Physical characteristics
- Mouth: Gulf of Saint Lawrence
- • coordinates: 50°16′09″N 62°41′28″W﻿ / ﻿50.269303°N 62.691008°W
- Length: 80 kilometres (50 mi)
- Basin size: 1,044 square kilometres (403 sq mi)

= Watshishou River =

The Watshishou River (Rivière Watshishou) is a salmon river in the east of the Côte-Nord region of Quebec, Canada.

==Location==

The Watshishou River originates in Lake Watshishou, and flows south via Lake Holt and Little Lake Holt to enter the Gulf of Saint Lawrence.
The river is 80 km long, and receives water from many lakes.
It drains a basin of 1044 km2.
Quebec Route 138 crosses the river near its mouth.
It enters the Jacques Cartier Strait between Havre-Saint-Pierre and Natashquan, west of the Little Watshishou River.
In its upper course the river flows through the unorganized territory of Lac-Jérôme.
Lower down it flows through the municipality of Aguanish.
The river's mouth is in the municipality of Baie-Johan-Beetz in Minganie Regional County Municipality.

The river basin lies between the basins of the Véronique River to the west and the Little Watshishou River to the east.
The river basin contains the Nabisipi River Old Forest (Forêt ancienne de la Rivière Nabisipi) and the Lake Davy Old Forest (Forêt ancienne du Lac Davy).
In the last 15 km none of the land of the coastal region exceeds 150 m in elevation.
The terrain is fairly smooth, sloping gently down to the Gulf of Saint Lawrence.
To the east of Watshishou Harbor the Morne Watshishou stands out at over 60 m.

==Name==

The toponym Watshishou is probably the same as the "R. Oueachechou" on Boishébert's 1715 map, and "Oydchechou" on Bellin's 1744 map.
Later maps spell it Watcheeshoo, Watsheeshou, Watscheeshoo, Watsjishu and Watchichou.
The Dictionary of Rivers and Lakes of the Province of Quebec (1914 and 1925) gives it as Watshishou.
In the Innu language it means "white mountain" or "bright mountain".
It probably refers to the landmark polished granite Watshishou Hill, 45 m high to the east of the mouth of the Watshishou River.
Others say the word comes from watsh (mountain) and shu (small), meaning small mountain.
Another Innu name for the river is Uetiheu Hipu, meaning "it rejoins".

==Fishing==

Lac Holt Fishing Lodge provides access to the Watshishou, Big Holt and Little Holt lakes, and can be reached by float plane from Havre-Saint-Pierre.
The lodge offers fishing from boats or wading below rapids.
Fish include brook trout (Salvelinus fontinalis), Arctic char (Salvelinus alpinus), and landlocked Atlantic salmon (Salmo salar).
A 2018 North Atlantic Salmon Conservation Organization (NASCO) Rivers Database Report gave the status of the river as "Not Threatened With Loss".
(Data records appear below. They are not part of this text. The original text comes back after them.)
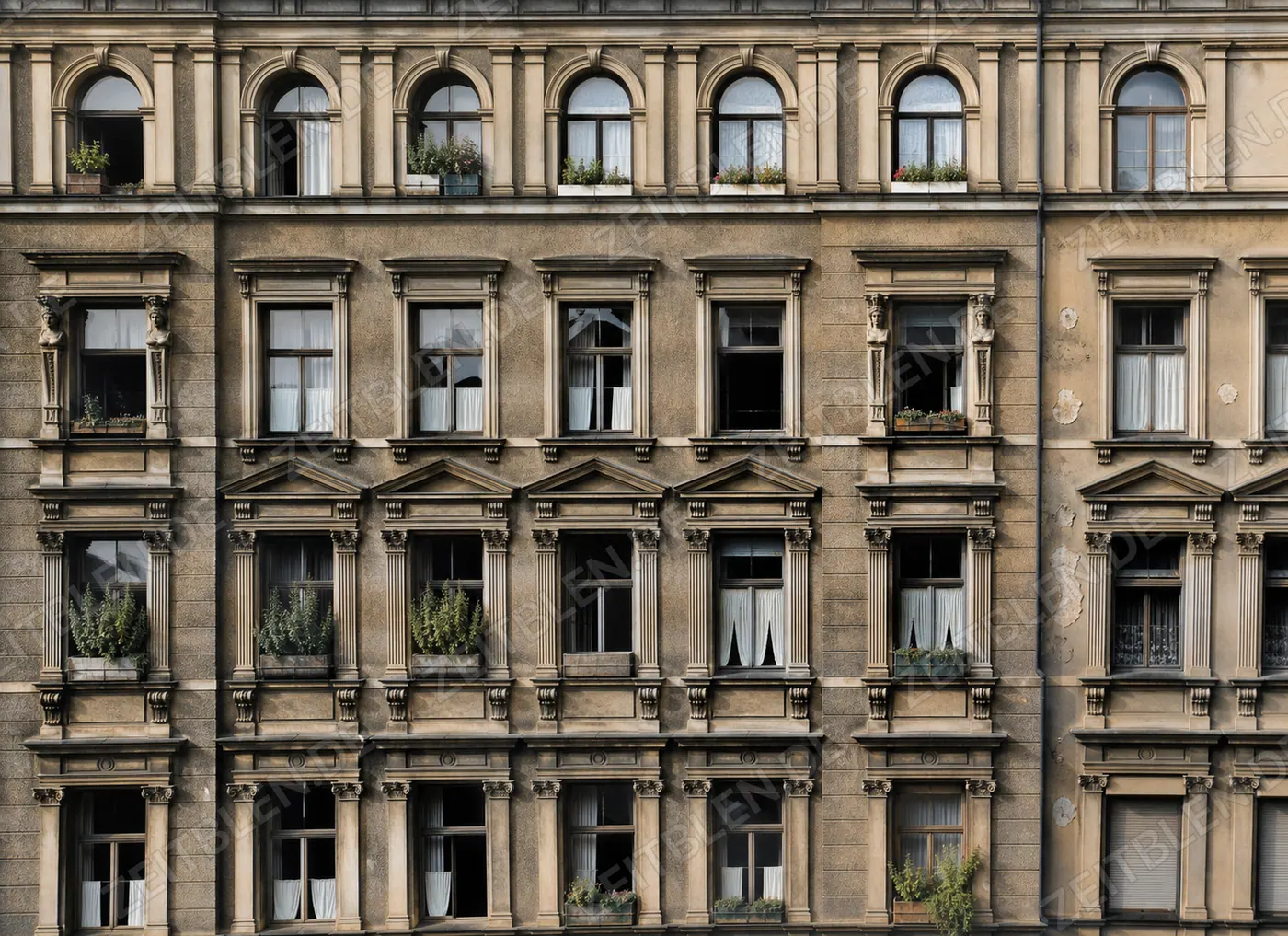 Münchner Gründerzeitfassade mit Mietshausfenstern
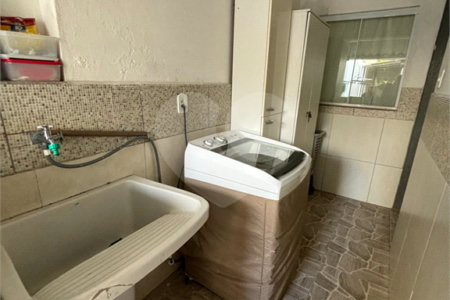 Casa à venda com 3 quartos, sendo 1 suíte, em Jardim Santo Antônio, Salto, SP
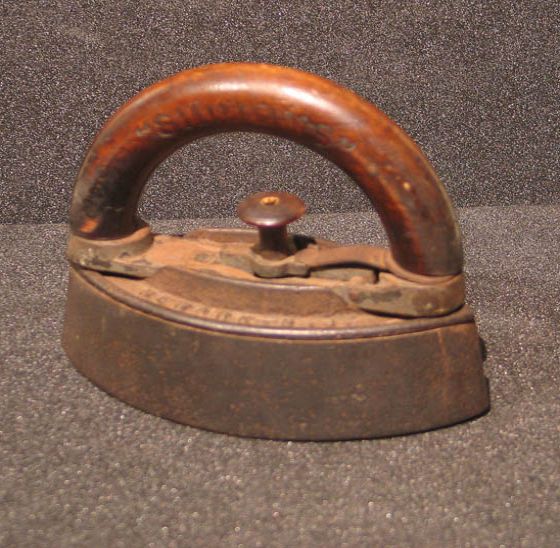 base of cold handle sad iron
In May 2015 the Ministry of Forests, Wildlife and Parks of Quebec announced a sport fishing catch-and-release program for large salmon on sixteen of Quebec's 118 salmon rivers.
These were the Mitis, Laval, Pigou, Bouleau, aux Rochers, Jupitagon, Magpie, Saint-Jean, Corneille, Piashti, Watshishou, Little Watshishou, Nabisipi, Aguanish and Natashquan rivers.
The Quebec Atlantic Salmon Federation said that the measures did not go nearly far enough in protecting salmon for future generations.
In view of the rapidly declining Atlantic salmon population catch-and-release should have been implemented on all rivers apart from northern Quebec.